#### TRY IT:
Give the listing back in full, exactly as written, with the pictures removed.

DATA BELOW: Begin

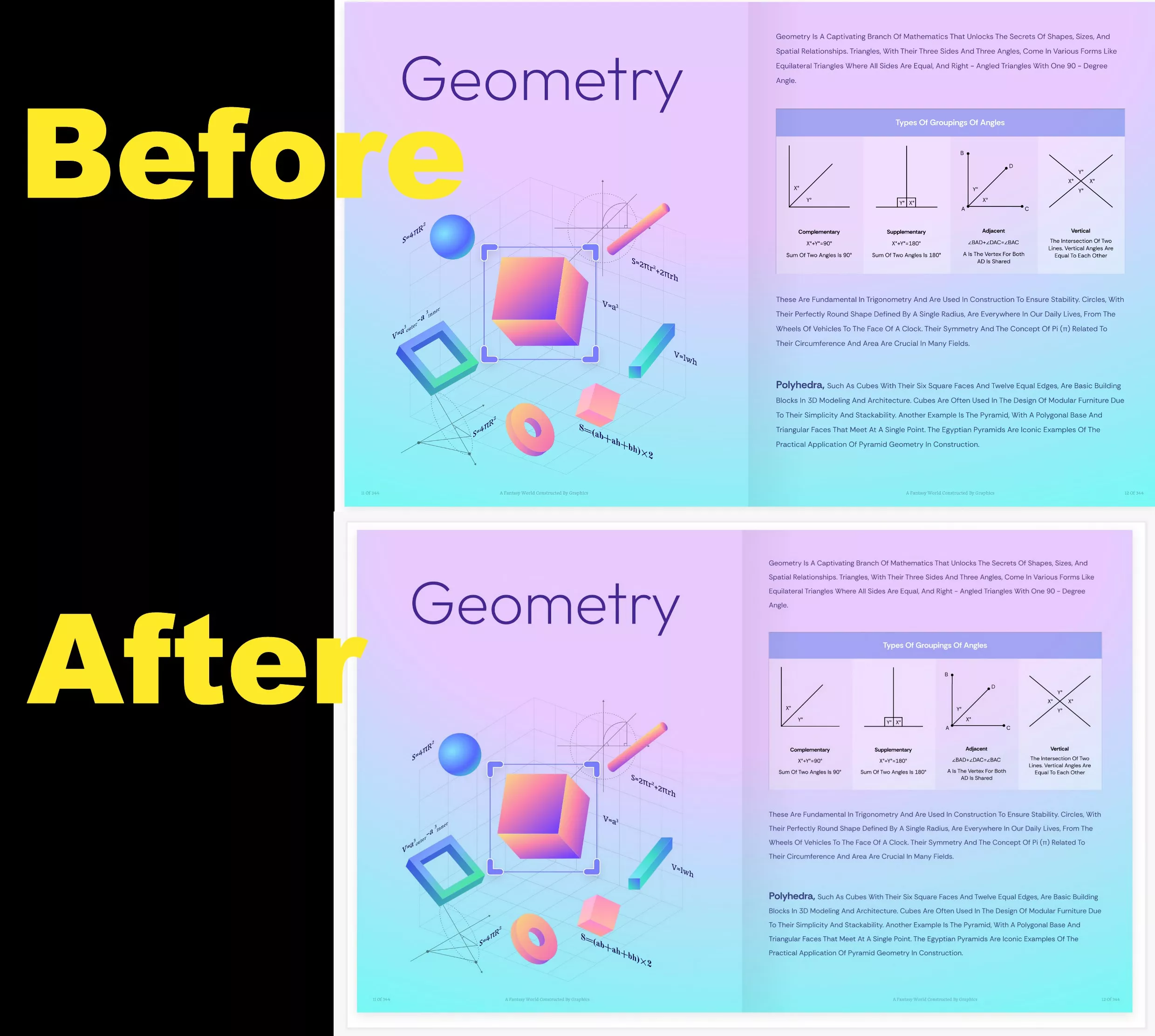 text under the page image ocr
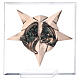 Stella pace Betlemme bronzo plex 22cm s1
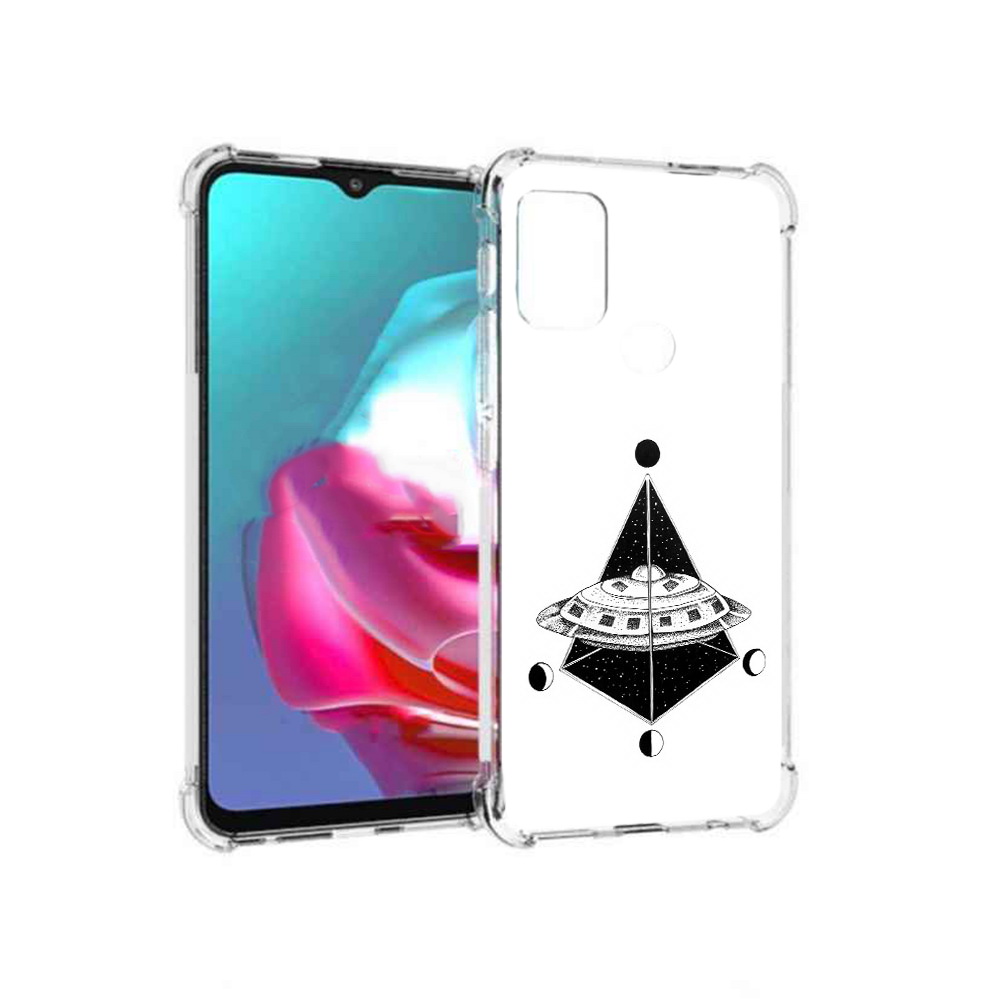 

Чехол MyPads Tocco для Motorola Moto G черно белая летающая тарелка (PT227061.346.679), Прозрачный, Tocco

DATA BELOW: End

#### THE ANSWER:
 text under the page image ocr
 Stella pace Betlemme bronzo plex 22cm s1

Чехол MyPads Tocco для Motorola Moto G черно белая летающая тарелка (PT227061.346.679), Прозрачный, Tocco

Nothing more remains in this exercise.